Efendimiz (aleyhisselam): “İlim mü’minin kaybettiği malıdır” buyuruyor. Bir insan elindeki değerli bir eşyayı kaybettiğinde ne yapar? Gerekli tüm yerlerde arama yapar, duyuru yapar hatta polise gider kaybettiği malın devlet tarafından aranıp bulunmasını ister. Ancak biz ümmet olarak devlet ve millet el ele verip kaybettiğimiz malımızı bulmak için böyle ciddi bir gayretle çalışıp çabalamaktan ziyade yıllarca oturmayı tercih ettik. Günün sonunda bizim kaybettiğimiz malımızla bizi can evimizden vurdular ve acımasızca vurmaya da devam ediyorlar.
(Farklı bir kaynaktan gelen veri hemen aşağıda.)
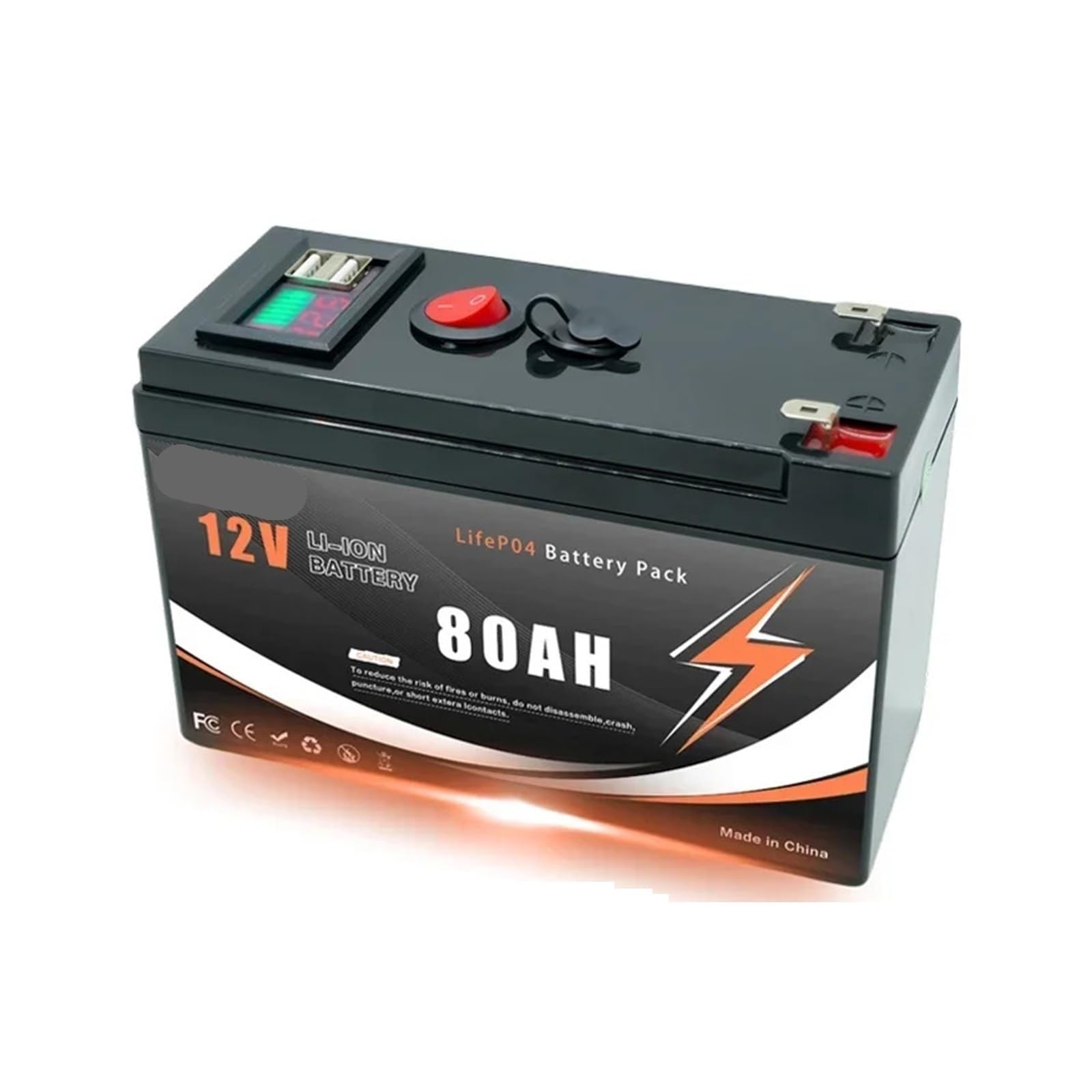Batteria Al Litio Ricaricabile LiFePO4 12V 150Ah Con BMS Integrato, | For giocattoli, pannelli solari, ecoscandagli, ruote motrici(LiFePO4 80Ah charge)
Ahiret, cennet, cehennem öbür alem gibi konular üzerinde durulduğu kadar Müslümana öğrenilmesi farz kılınan ilmi konular üzerinde durulmadı. İnsanlarda sadece ahiretimi kurtarayım da başka bir şey istemem düşüncesi oluşturuldu. Ancak unutulmaması gerekir ki ahiret sefalet içinde yaşayıp, zillete rıza gösterilerek kurtarılmaz. Ahiret bir yudum su içmek için kafire muhtaç olarak kurtarılmaz. Ahiret İslam toplumuna zilleti yaşatarak kurtarılmaz. Ahiret izzetli bir İslam yaşamı sonunda kurtarılır ve eğer o izzetli yaşamın sonunda şehitlik olacaksa o zaman o şehadet bir anlam kazanır.   
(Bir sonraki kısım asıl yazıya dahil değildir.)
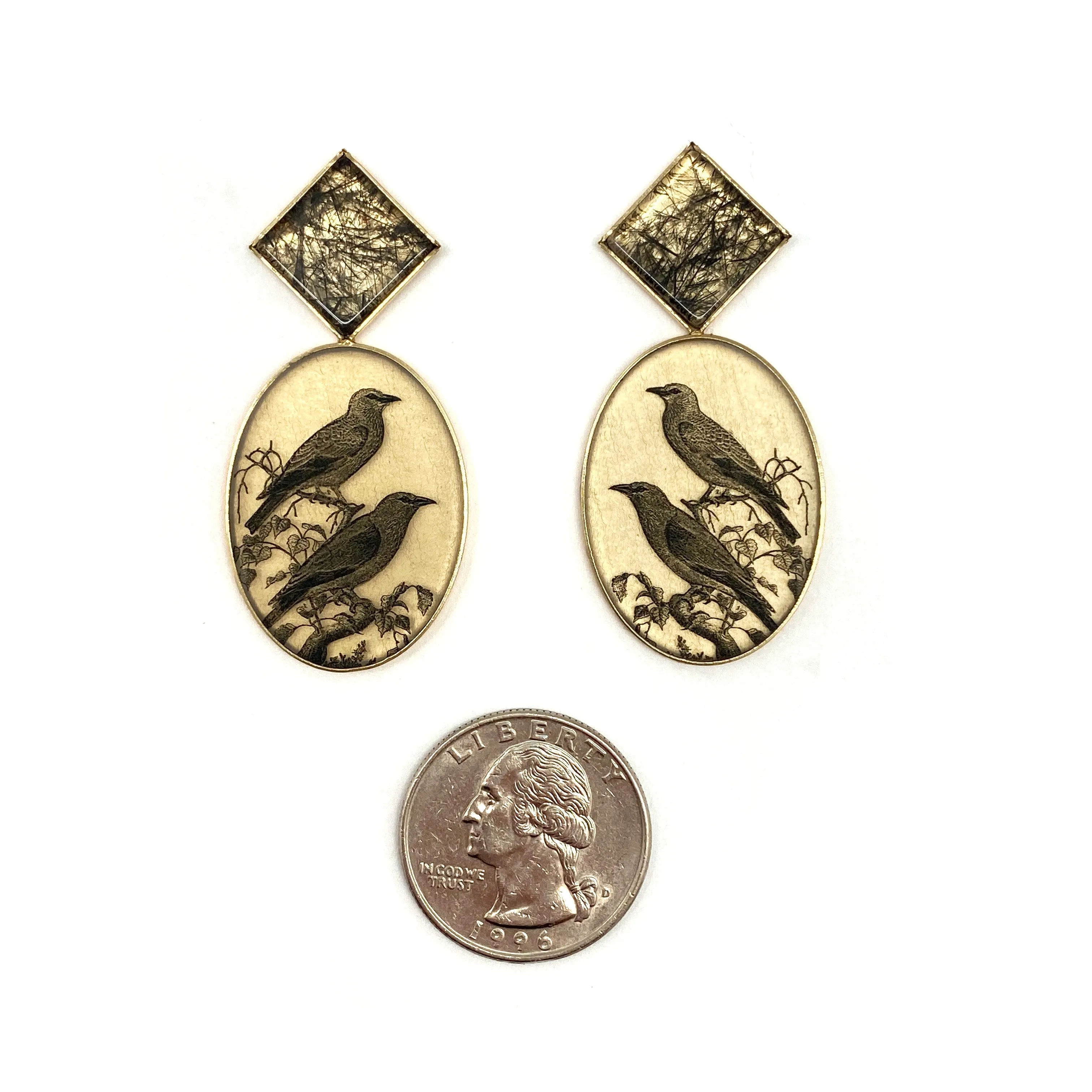 Rutilated Quartz Songbird Earrings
Halka neden büyük çoğunlukla şehitlik anlatıldı da neden yaşamak anlatılmadı? Bunun onlarca sebebi var. En önemli sebep Moğolların İslam alemini istilası olarak görülür. Moğolların işgaline kadar İslam alemi bilim yuvasıydı. Bağdat’ta, Rakka’da, Semerkand’da, Endülüs’te ve daha birçok yerde bilim yuvaları ve rasathaneler kurulmuş, bu bilim evlerinde toplanan yukarıda ismini zikrettiğim alimler bugünkü bilime ışık tutacak ilmi çalışmalar yapıyorlardı. Ancak Moğollar bu beldeleri işgal ettiğinde buralarda tek bir canlının bile sağ kalmasına izin vermediler. Bir kediyi bile sağ bırakmayıp, sokaktaki kedi, köpekleri bile katledip, İslam beldelerini talan ettiler. İçinde bir milyon kitabın bulunduğu Bağdat kütüphanesini yerle bir edip yaktılar. Alimleri vahşice katlettiler. Moğolların bu istilası sonunda oluşan devletler tamamen korumacı ve savaşçı bir toplum oluşturdular. Çünkü ilmin onları korumadığını, bir daha böyle bir saldırıda ilim adamlarına değil de savaşçılara ihtiyacımız var düşüncesiyle insanları savaşçı bir toplum haline getirdiler. Bunun ne kadar yanlış olduğunu yıllarca gördük ve hala görüyoruz.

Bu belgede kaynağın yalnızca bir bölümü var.